SCF Reference Manual for the Storage Subsystem (G06.24+, H06.03+)

Managing Magnetic Disks
SCF Reference Manual for the Storage Subsystem529937-007
7-7
Changing the Speed of a Revive Operation
Changing the Speed of a Revive Operation
While a revive operation is in progress, you can use the ALTER command to change
the speed of a revive operation.
Considerations for Changing the Speed of a Revive
Operation
The speed of all future revive operations is also changed.
During system installation, the system administrator should tailor the
REVIVEPRIORITY and REVIVERATE attributes for your system.
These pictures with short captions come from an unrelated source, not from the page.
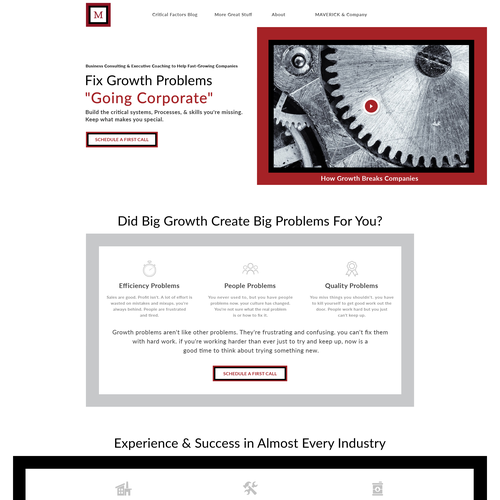 Management website with the title 'MAVERICK & Company'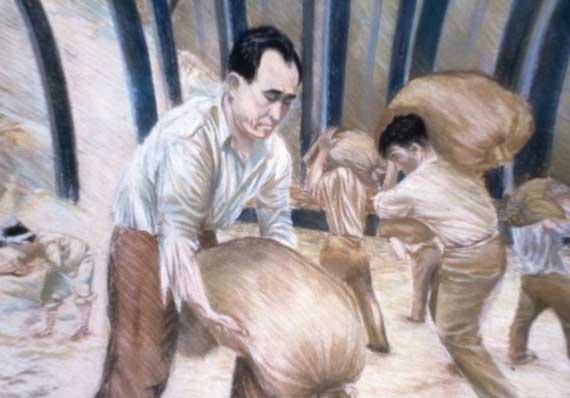 A painting of True Father in Hungnam Labor Camp
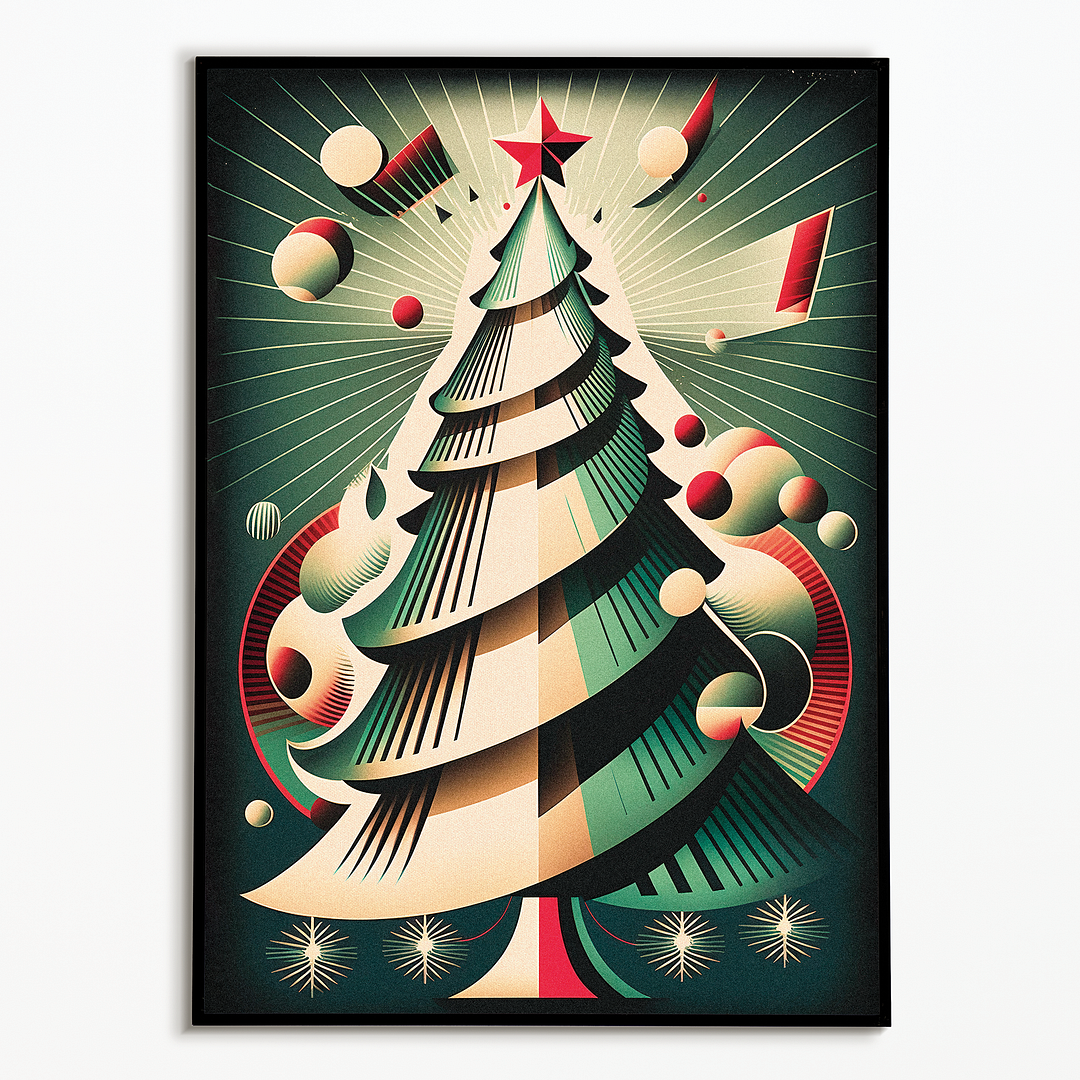 Red and green Christmas tree - Art Print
The default
values provided by SCF are acceptable for most environments:
°
REVIVEPRIORITY 50
°
REVIVERATE 100 second between copies
The default values minimize potential interference with system performance but
could result in revives that take too long to finish. (The longer the revive operation
takes, the longer your mirrored disks have dissimilar data.)
To speed up the revive operation (even though this change might slow system
performance), increase the REVIVEPRIORITY value and/or increase the
REVIVERATE value.
If you change these values while a revive operation is in progress, the disk process
does not restart the revive operation from the beginning but continues from the
point at which you entered the new values.
Example of Changing the Speed of a Revive Operation
This command establishes a revive priority of 60 and specifies that 90 megabytes of
data be revived between preemption checks while a revive operation is in progress:
-> ALTER $DATA01, REVIVEPRIORITY 60, REVIVERATE 90
Stopping a Revive Operation
It is seldom necessary to stop a revive operation (with a STOP DISK command on the
disk being revived) unless you want to force the revive operation to restart from the
beginning.
You might want to adjust a revive operation if:
System performance is degraded. See Changing the Speed of a Revive Operation
on page 7-7.
A media error has occurred, causing a defective sector.